Below is a listing. Set down exactly the lines from the one containing "The automatic cloth-clamping" through the one containing "Aramox Diving Flashlight", both ends included, and leave out the rest.

◆ **DATA PROVIDED**:
+---+

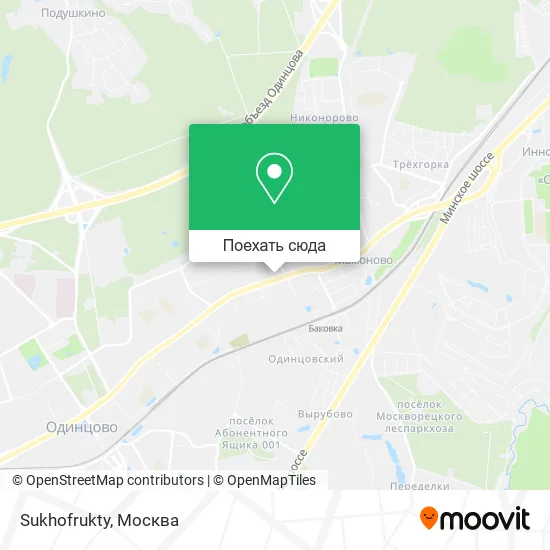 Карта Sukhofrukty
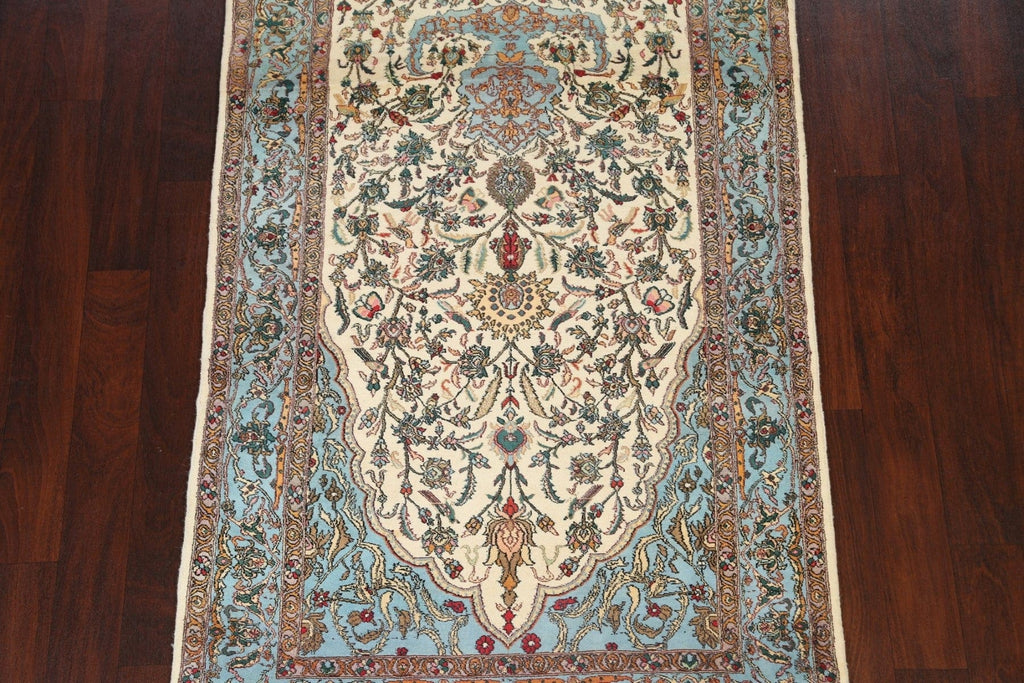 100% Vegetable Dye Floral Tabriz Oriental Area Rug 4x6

+---+

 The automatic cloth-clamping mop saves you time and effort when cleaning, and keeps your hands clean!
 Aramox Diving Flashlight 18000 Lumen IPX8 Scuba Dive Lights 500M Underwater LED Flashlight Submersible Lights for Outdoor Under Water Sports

+---+

◆ **RESPONSE**:
 The automatic cloth-clamping mop saves you time and effort when cleaning, and keeps your hands clean!
 Aramox Diving Flashlight 18000 Lumen IPX8 Scuba Dive Lights 500M Underwater LED Flashlight Submersible Lights for Outdoor Under Water Sports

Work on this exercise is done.